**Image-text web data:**
• • •
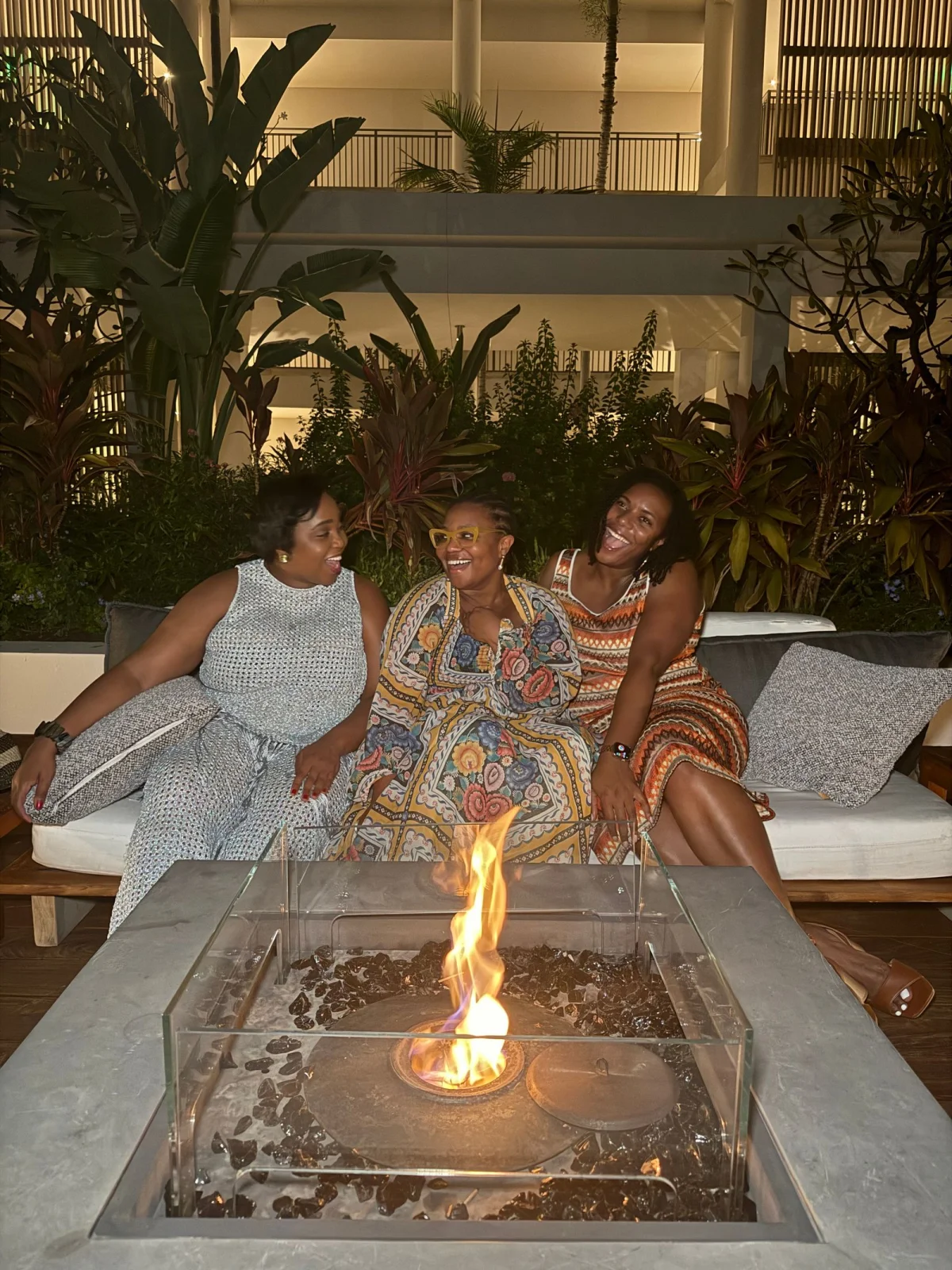 Three women chatting by a fire
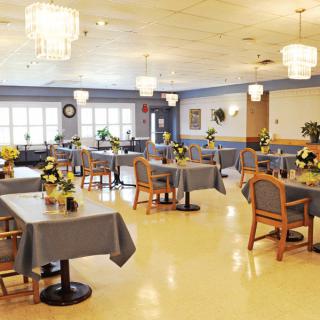 A spacious dining area with neatly arranged tables and chairs, adorned with elegant chandeliers.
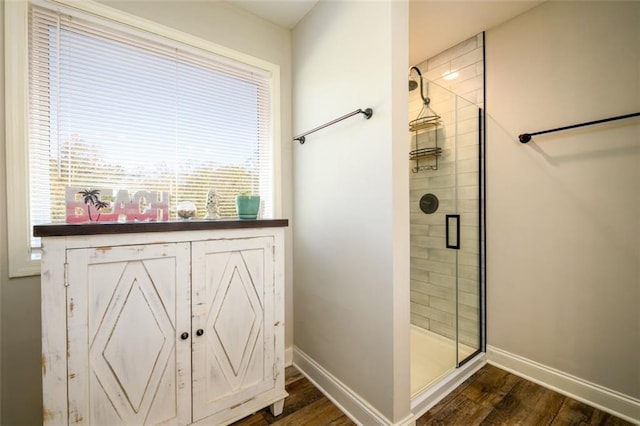 full bathroom with a shower stall, baseboards, and wood finished floors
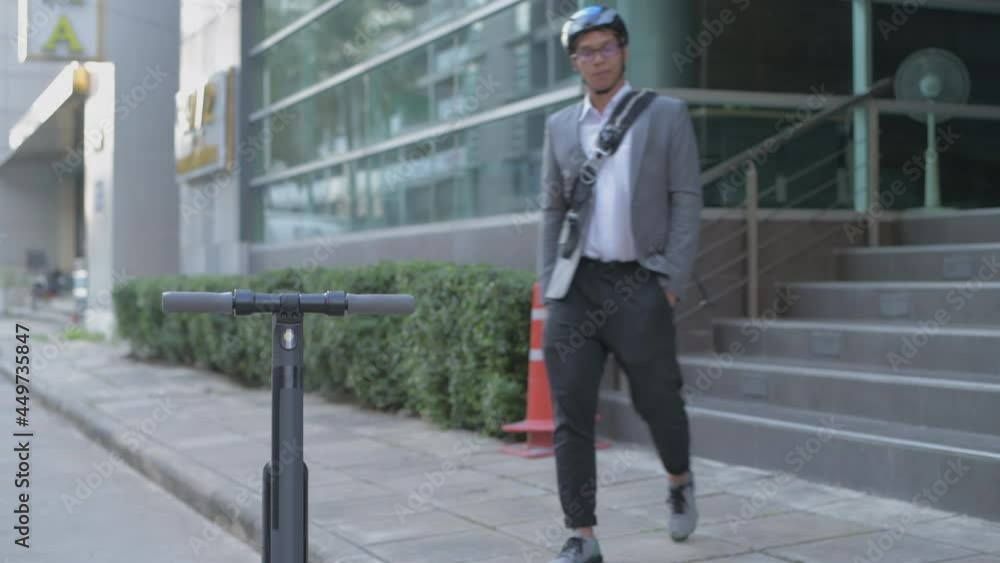 Energy efficient travel vehicle concept of 4k Resolution. A business man riding a scooter in the city. Energy efficient travel vehicle concept of 4k Resolution. A business man riding a scooter in the city.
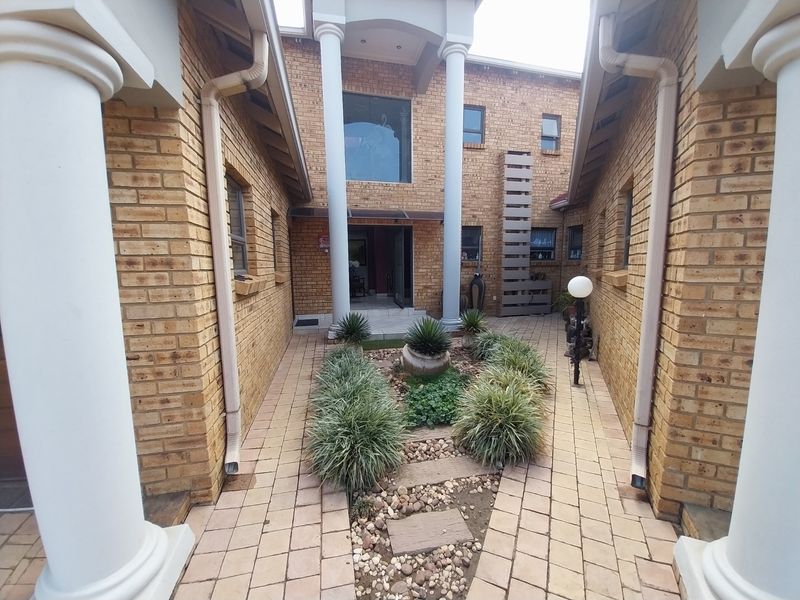 Front entrance courtyard featuring face brick walls, classical columns, and a paved walkway leading to the main doorway.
• • •
**ACTIVITY:**
Above are some records; quote exactly and only the lines that begin at the line containing "A spacious dining" and stop after the line containing "full bathroom with", leaving out the pictures.

**EXPECTED OUTPUT:**
 A spacious dining area with neatly arranged tables and chairs, adorned with elegant chandeliers.
 full bathroom with a shower stall, baseboards, and wood finished floors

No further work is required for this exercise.